Subsequently, we estimate the probability of occurrence $$P(x)$$ of each amino acid as

$P(x)=\frac{observed\: frequency\: of\: occurrence}{total\: number\: of\: possible\: occurrences}$

In our example 36 sequence pairs have D in both positions, and nine pairs have D only in a single position; thus, the expected probability $$P(A) = \frac{[36+(9/2)]}{45} = 0.9$$ and $$P(N)=\frac{(9/2)}{45}=0.1$$, assuming that the observed frequencies are the same as in the population. The general formula for calculating the probability of the occurrence $$p_{ij}$$ of the $$i$$th amino acid in an $$i$$, $$j$$ pair is

$p_{ij} = q_{ij} + \sum_{j \ne i}^{} \frac{ q{ij} } {2}$

The calculation of the expected probability of occurrence of each amino acid pair is $$p_{i}p_{j}$$ for $$i=j$$ and $$p_{i}p_{j}+p_{j}p_{i}=2p_{i}p_{j}$$ for $$i \ne j$$. In our example this gives DD$$=0.9 \times 0.9=0.81$$ and for DN+ND$$=2 \times (0.9 \times 0.1)=0.18$$.

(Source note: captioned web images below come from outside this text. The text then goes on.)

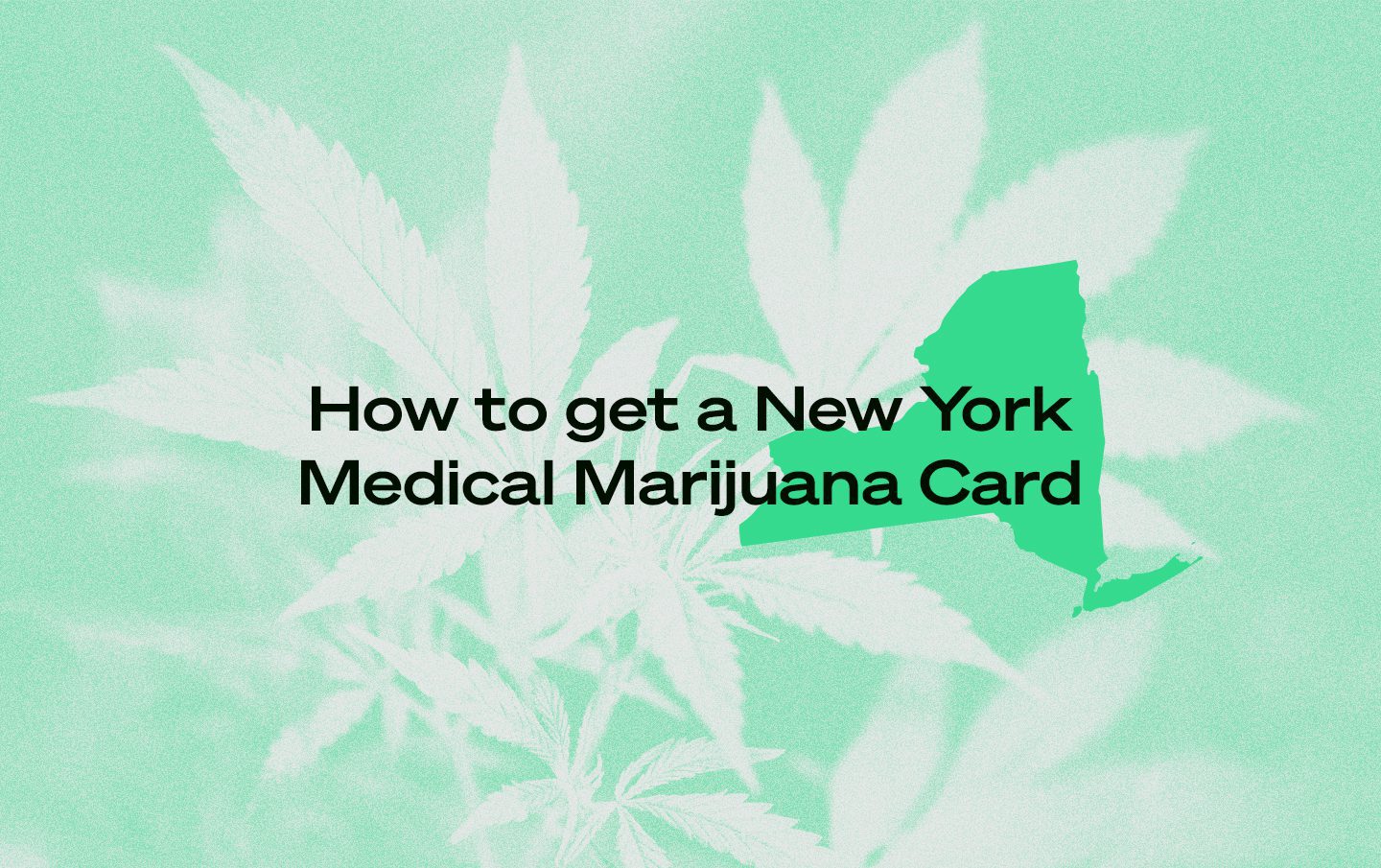 New York marijuana card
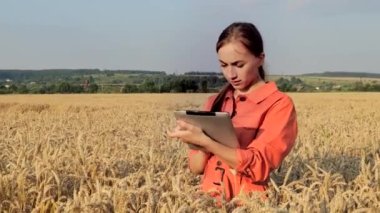 Beyaz Agronomist mısır gevreği tarlasını kontrol ediyor ve tabletteki buluta veri gönderiyor. Akıllı tarım ve dijital tarım kavramı. Başarılı organik gıda üretimi ve yetiştirilmesi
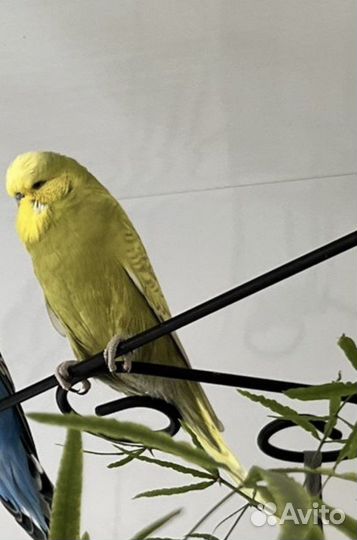 Выставочный попугай чех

To get a handy scoring $$s_{ij}$$, we first compute an odds ratio table where an entry $$e_{ij}$$ for each amino acid pair is $$\frac{q_{ij}}{e_{ij}}$$ and then take a logarithm of base two of each entry $$s_{ij}=\log_{2}(\frac{q_{ij}}{e_{ih}})$$. This scoring results in the alignment score $$s_{ij}$$ to become zero if the observed frequencies are as expected, to a negative score if frequencies are less than expected and to a positive score when the frequencies are more than expected frequencies.

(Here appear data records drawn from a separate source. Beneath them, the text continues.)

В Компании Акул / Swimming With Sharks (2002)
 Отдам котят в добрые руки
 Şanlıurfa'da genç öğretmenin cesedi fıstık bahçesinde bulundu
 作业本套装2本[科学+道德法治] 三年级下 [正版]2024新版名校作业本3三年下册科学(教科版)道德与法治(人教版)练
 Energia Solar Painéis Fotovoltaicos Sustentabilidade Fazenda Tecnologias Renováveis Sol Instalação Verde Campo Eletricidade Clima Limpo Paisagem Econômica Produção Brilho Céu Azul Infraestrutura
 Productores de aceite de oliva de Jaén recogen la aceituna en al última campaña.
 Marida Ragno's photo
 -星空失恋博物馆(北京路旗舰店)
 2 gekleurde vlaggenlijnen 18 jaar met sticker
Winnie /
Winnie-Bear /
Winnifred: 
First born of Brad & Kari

We then multiply each score $$s_{ij}$$ by two and round to the nearest integer to generate the final scores in BLOSUM matrices (Figure 2).

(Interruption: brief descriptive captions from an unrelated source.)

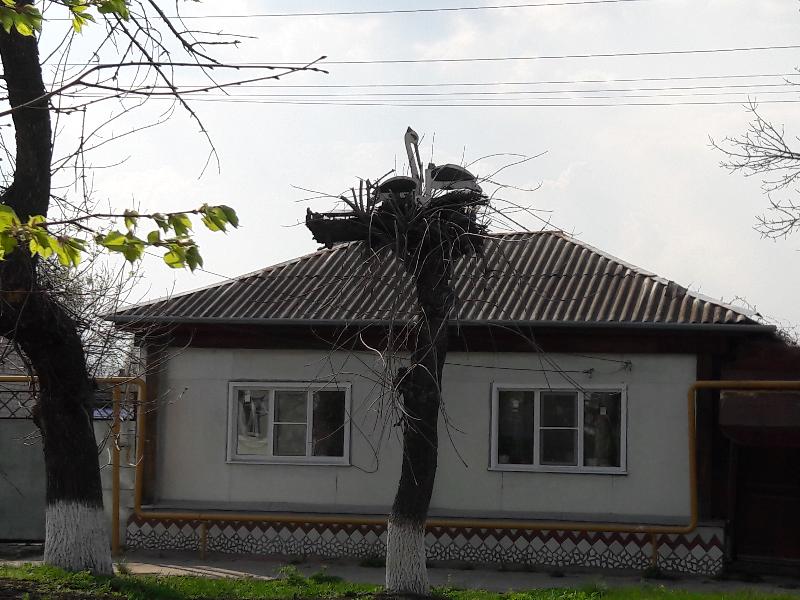 Под видом покупки дома мошенник оформил кредит на жителя Воронежской области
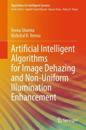 Artificial Intelligent Algorithms for Image Dehazing and Non-Uniform Illumination Enhancement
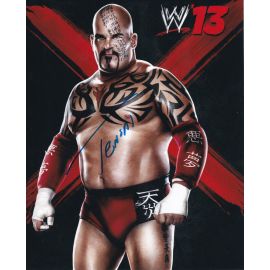 Autogramm Wrestling | TENSAI | 2013 Foto (Portrait Color XL)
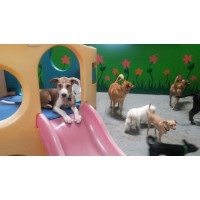 FREEPLAY DOGS Dog DayCare, Cageless Boarding, Dog Grooming, Indoor Dog Park Concord California Logo 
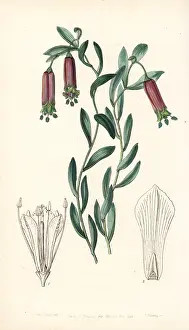 Dulcis: Bomarea dulcis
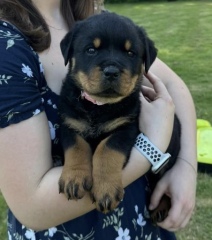 When to get a new dog?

##### Why don't different identical amino acid pairings have the same score?

By looking at the BLOSUM62 scores, we can observe that the identity pairing of different amino acids does not get the same score. The reason is that the observed abundance of amino acids is not the same. For example, Leucine-Leucine (Leu-Leu) pairing gets score four and Tryptophan-Tryptophan (Trp-Trp) pairing gets score 11 because Leucine is observed to be more abundant in nature than Tryptophan; Thus, Trp-Trp pairing is less likely to be a random one.

##### Hypothesis testing

The above method of scoring is, in fact, hypothesis testing, and in general, the score $$S(a,b)$$ for a substitution of amino acid $$a$$ with amino acid $$b$$ is

$S(a,b) = \frac{1}{\lambda} \log_{2} \bigg( \frac{P_{ab}}{f_{a}f_{b}}\bigg)$

where $$P_{ab}$$ is the observed probability of substitution in an alignment, $$f_{a}f_{b}$$ is the probability of a random substitution based on the abundance of amino acids and $$\lambda$$ is a scaling factor. To arrive at total alignment score, we need to multiply the probability of each amino acid pairing with another along the full alignment, but by taking a logarithm of the probability, we can do addition instead of multiplication.

In the above equation $$P_{ab}$$ is the likelihood of the hypothesis we want to test: residues correlated because they are homologous and $$f_{a}f_{b}$$ is the likelihood of a null hypothesis: residues are unrelated.